In one example, total performance may be used to determine whether processors (e.g., GPUs) may be decreased or increased. If the utilization levels of all the processors (e.g., GPUs) are below a threshold, the number of processors (e.g., GPUs) may be gradually reduced. Utilization of the processors (e.g., GPUs), memory interfaces and the like may be monitored as described herein above. If the total utilization increases, then additional processors (e.g., GPUs) may be added.
In another example, total power consumption may be used to shut down one or more processors (e.g., GPUs) to save power or enable the power to be used more effectively by other system components.

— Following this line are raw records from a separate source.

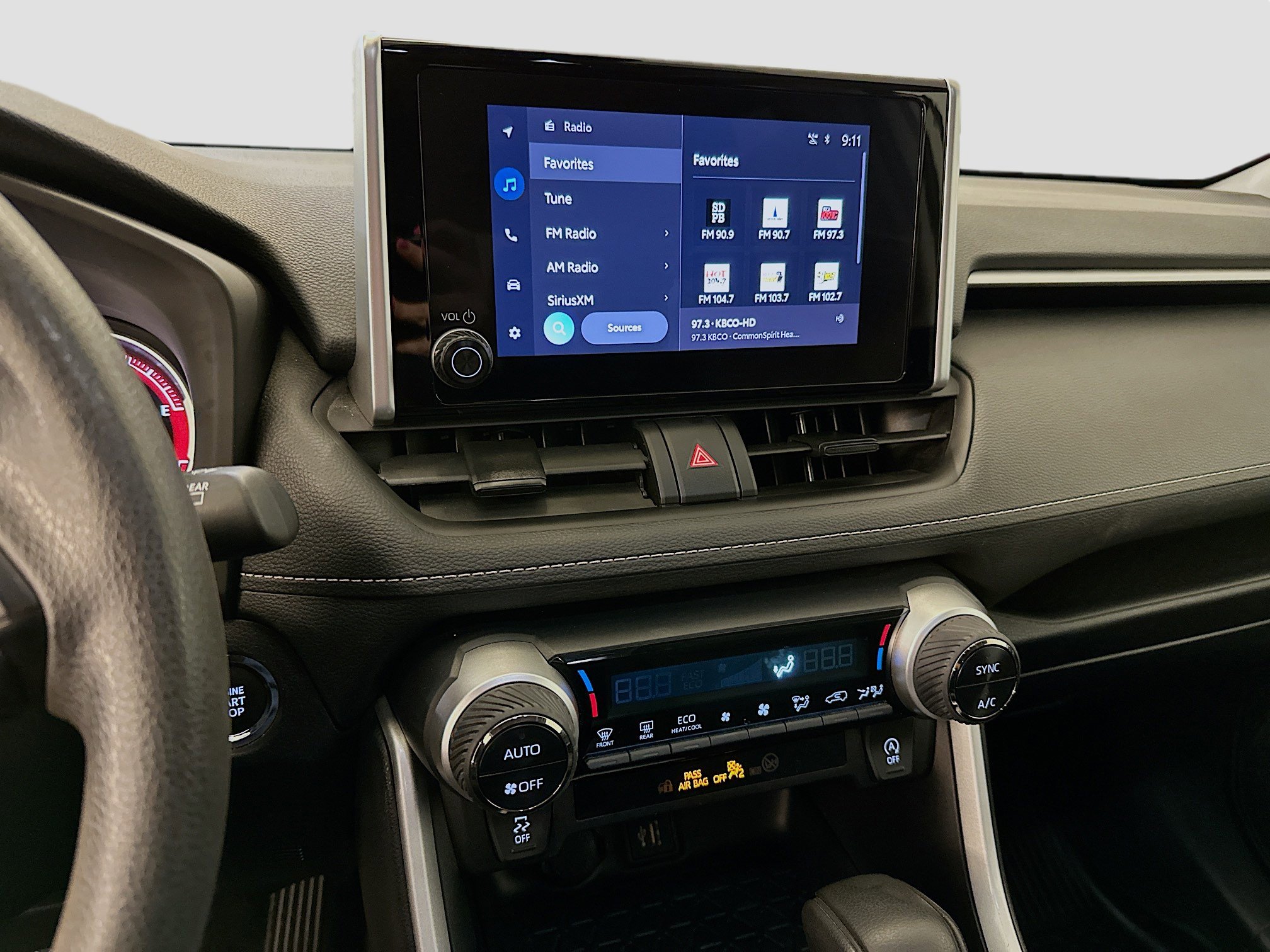 Used 2024 Toyota RAV4 XLE image 26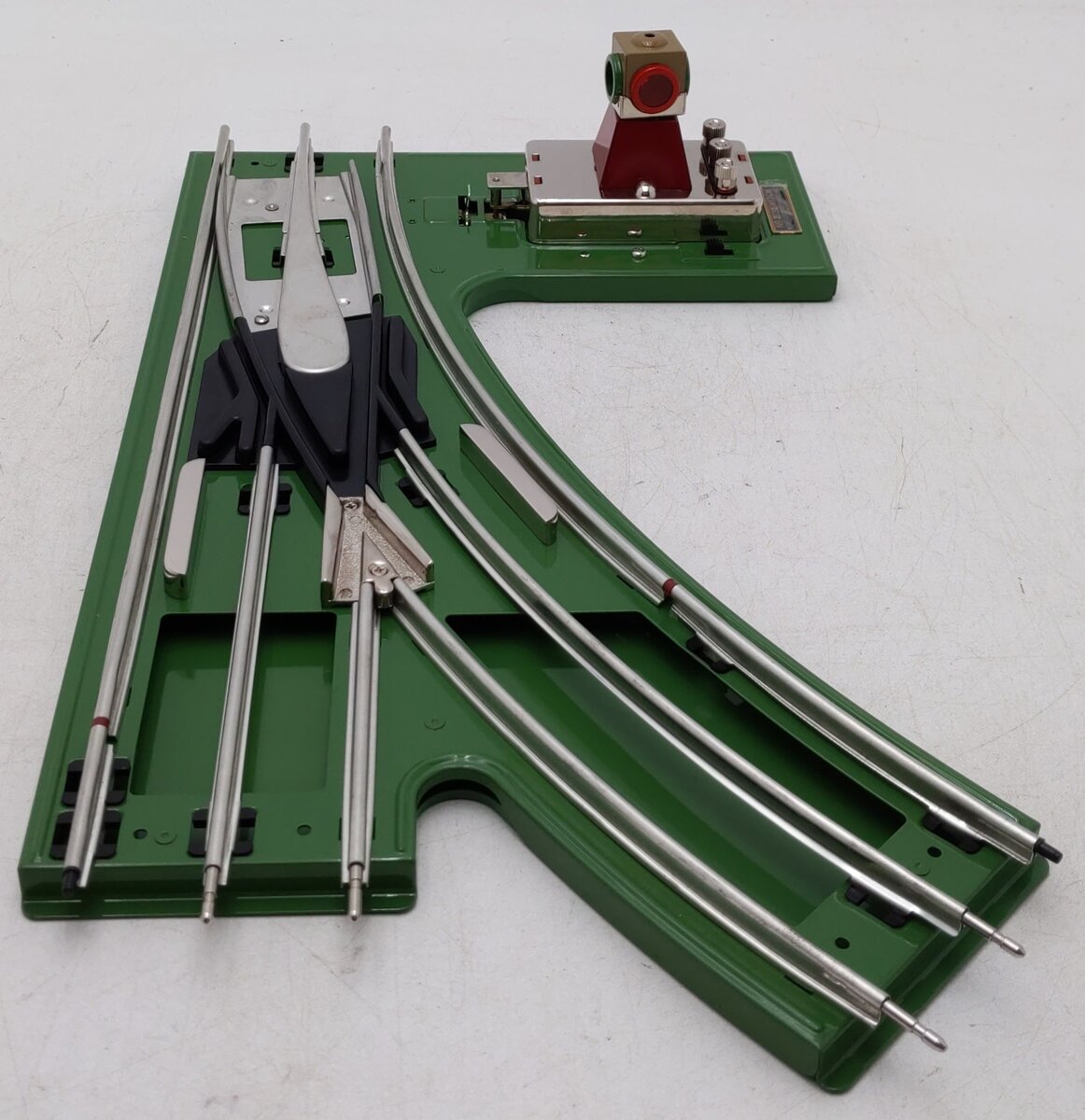MTH 10-4002 Standard Gauge Left Hand 42 Inch Remote Switch EX/Box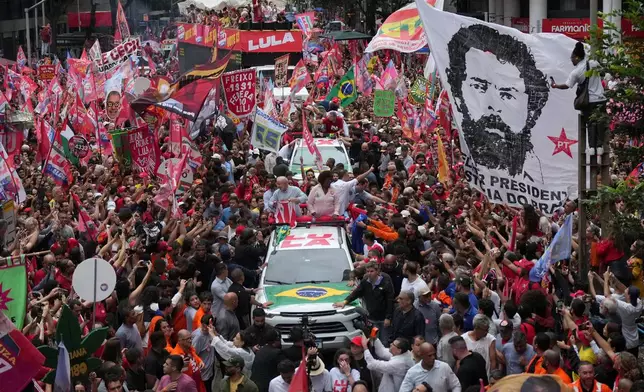 Brazilian President Luiz Inacio Lula da Silva, who is running for reelection, center, accompanied by Senate candidates Benedita da Silva, right, and Pedro Paulo, attends a campaign rally in Rio de Janeiro, Brazil, Friday, Oct. 2, 2026. (AP Photo/Silvia Izquierdo)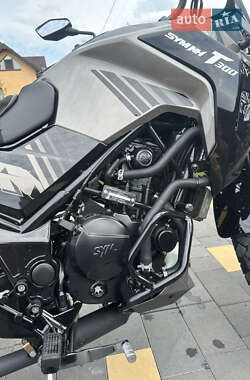Мотоцикл Классик Sym NHT 300 2025 в 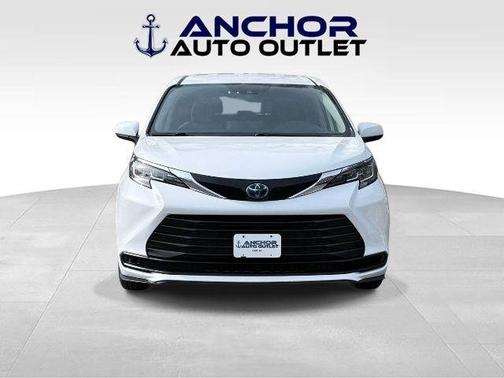 2022 Toyota Sienna LE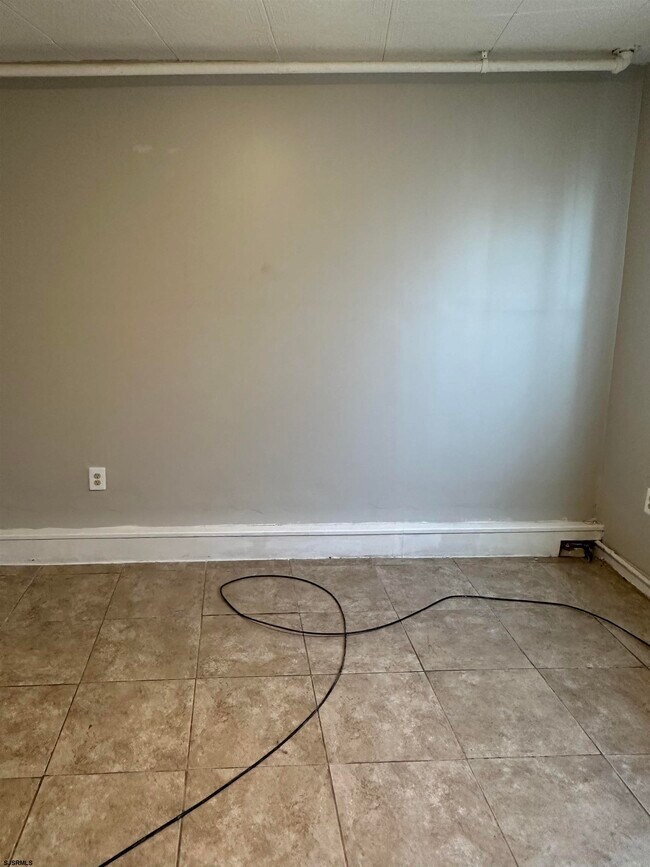 Building Photo - 716 Drexel Ave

If the total power consumption exceeds, for example, the thermal design power (TDP) or thermal design current (TDC), and all processors (e.g., GPUs) settings are scaled down to system limits, the number of active processors (e.g., GPUs) may be reduced to achieve similar performance with less power or higher performance with similar power. The TDP and TDC may represent a measure of the power budget and other measures may also be used.
In another example, a combination of operating conditions may initiate a reduction in the number of active processors (e.g., GPUs). If, for example, at least one processor (e.g., GPU) exceeded power limit and its operating settings were reduced, it may impede task scheduling between active processors (e.g., GPUs) by causing delays. The delays may stall task scheduling between the processors (e.g., GPUs) and reduce the average activity of other processors (e.g., GPUs). Their frequency settings may be reduced due to lower processor (e.g., GPU) utilization, which in turn may exacerbate total system performance.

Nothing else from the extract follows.